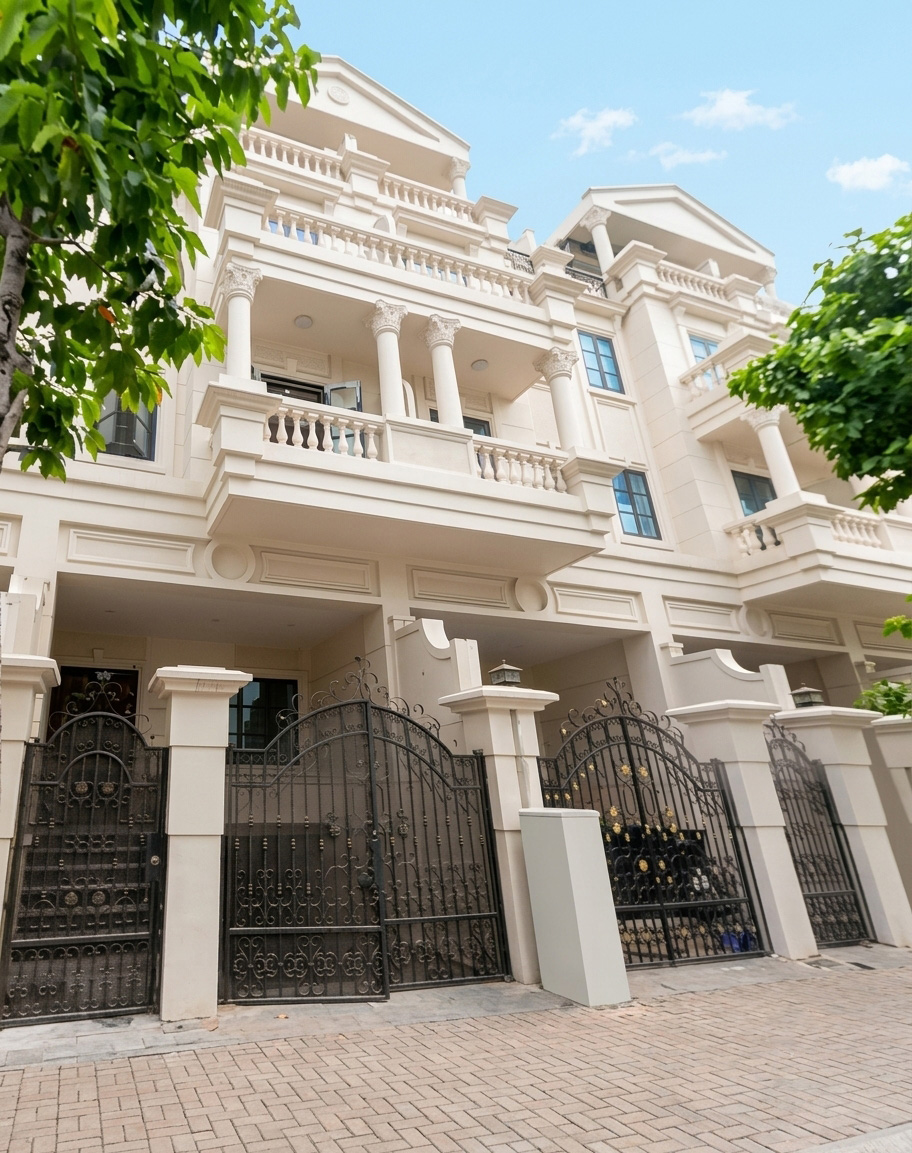 H2850* Villa CITYLAND PARK HILLS GÒ VẤP, 21.x tỷ
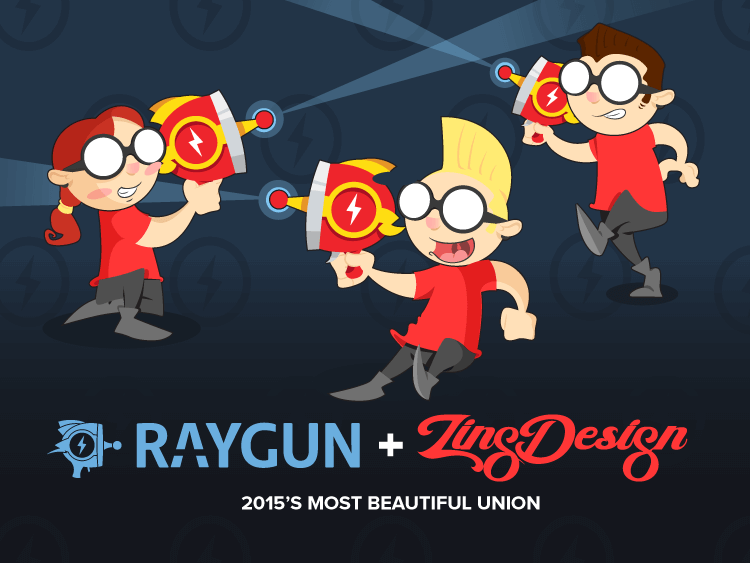 Raygun Acquires Zing Design · Raygun Blog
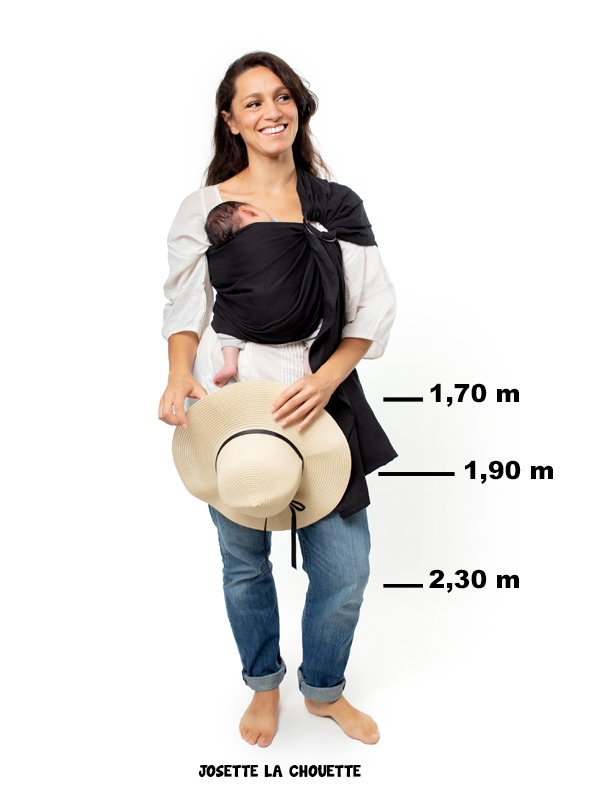 Sling en lin Lirian – Image 7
----------------
Task prompt:
Copy out all the data exactly. No images belong in the copy.

Reply:
 H2850* Villa CITYLAND PARK HILLS GÒ VẤP, 21.x tỷ
 Raygun Acquires Zing Design · Raygun Blog
 Sling en lin Lirian – Image 7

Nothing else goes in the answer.